[RFC PATCH 23/28] drm/xe: Add SVM VRAM migration
Christian König
christian.koenig at amd.com
Thu Aug 29 09:24:26 UTC 2024
Am 28.08.24 um 18:06 schrieb Daniel Vetter:
> On Tue, Aug 27, 2024 at 07:48:56PM -0700, Matthew Brost wrote:
>> Migration is implemented with range granularity, with VRAM backing being
>> a VM private TTM BO (i.e., shares dma-resv with VM). The lifetime of the
>> TTM BO is limited to when the SVM range is in VRAM (i.e., when a VRAM
>> SVM range is migrated to SRAM, the TTM BO is destroyed).
>>
>> The design choice for using TTM BO for VRAM backing store, as opposed to
>> direct buddy allocation, is as follows:
>>
>> - DRM buddy allocations are not at page granularity, offering no
>> advantage over a BO.
> This one I'm not understanding.
Adding Arun as well. I couldn't understand it fully either, but maybe
it's because the buddy allocator is more optimized for higher orders of
allocations?
>
>> - DRM buddy allocations do not solve locking inversion problems between
>> mmap lock and dma-resv locks.
> Which mmap -> dma_resv inversion? I've seen a lot ... I guess it also
> matters hugely which migration path we're in, i.e. opportunistic
> migration, cpu fault where we have to migrate or die, or when we run out
> of vram and need to evict stuff to make space.

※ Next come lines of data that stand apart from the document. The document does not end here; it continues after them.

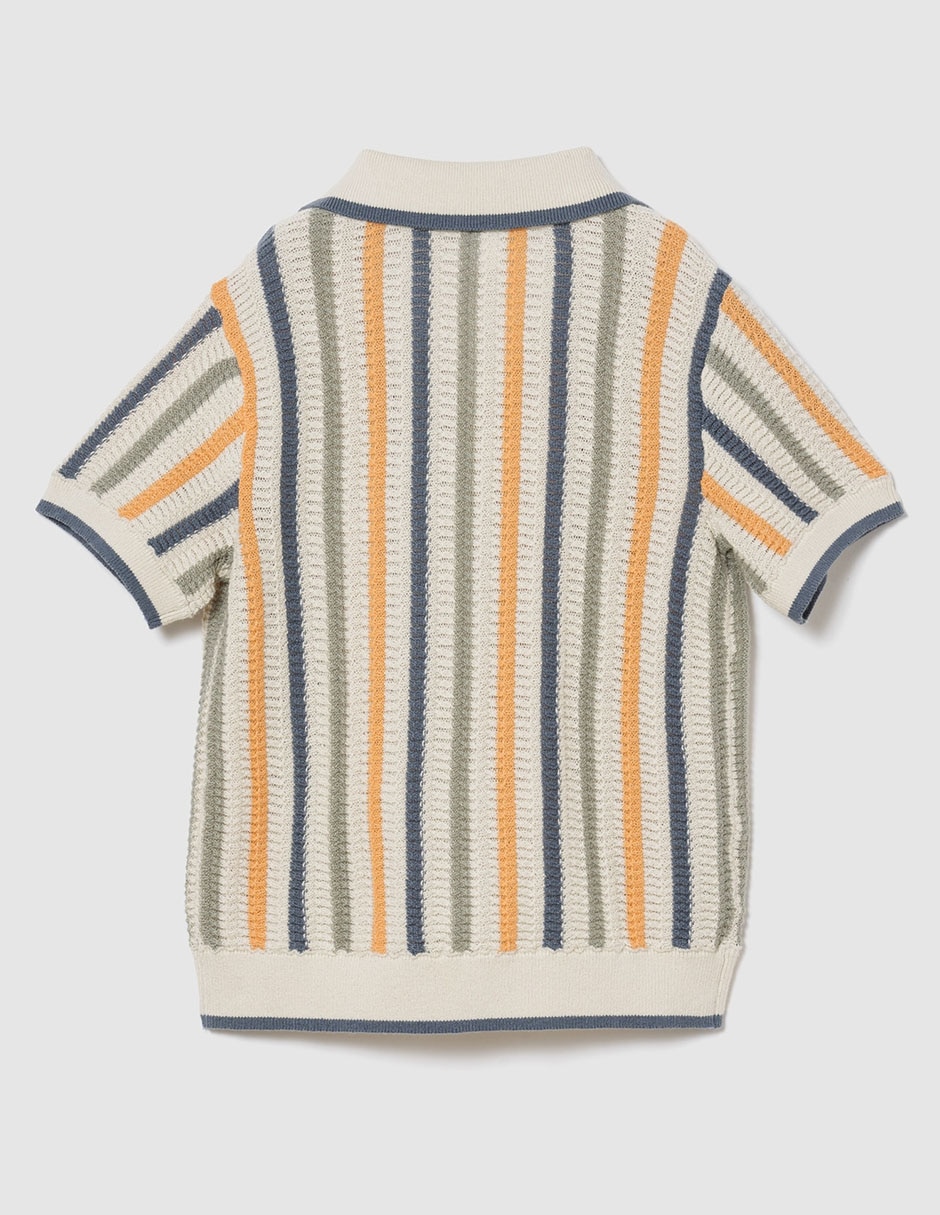 Playera tipo polo de algodón para niño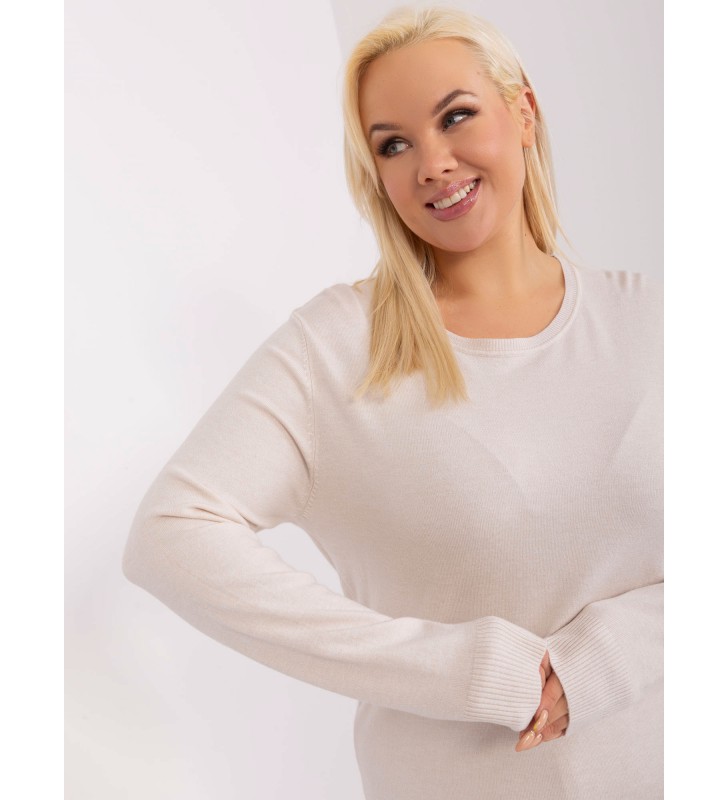 Sweter plus size PM-SW-PM-3006+1.11 jasny beżowy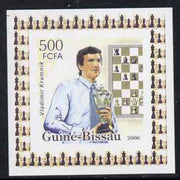 Guinea - Bissau 2006 World Chess Masters #3 - Vladimir Kramnik individual imperf deluxe sheet unmounted mint. Note this item is privately produced and is offered purely on its thematic appeal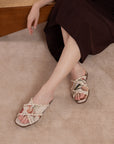The Allie | Beige Lace Trim Cross Slide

Mhm I think the locking order between mmap lock and dma-resv lock is
well defined since dma_resv_lockdep() was added.
>> - Unified eviction is required (SVM VRAM and TTM BOs need to be able to
>> evict each other).
> So core mm handles this by just roughly equally shrinking everything.
> Seems to work, and it has a pile of object shrinkers, and the page lru is
> also split into page cache and anon memory.
>
> I think you need to put in more justification that unified eviction is
> required than just stating it, because a look at mm/ gives a very well
> established counterexample.
>
>> - For exhaustive eviction [1], SVM VRAM allocations will almost certainly
>> require a dma-resv.
> So from the TTM side we need exhaustive eviction, or at least something a
> bit more exhaustive than what ttm currently has. Note that i915-gem also
> never really got to perfect exhaustive eviction, it's just a pile better
> than ttm right now.
Please define what exhaustive eviction should mean? I think I know what
it is and I have been pushing TTM into the direction of solving this for
years.
The last missing puzzle piece is to use drm_exec for TTM evictions, but
apart from that everything should work now.
Regards,
Christian.
> Now if there's also SVM VRAM managed on a page lru, TTM exhaustive
> eviction is going to win because the shrinkers can only trylock dma_resv.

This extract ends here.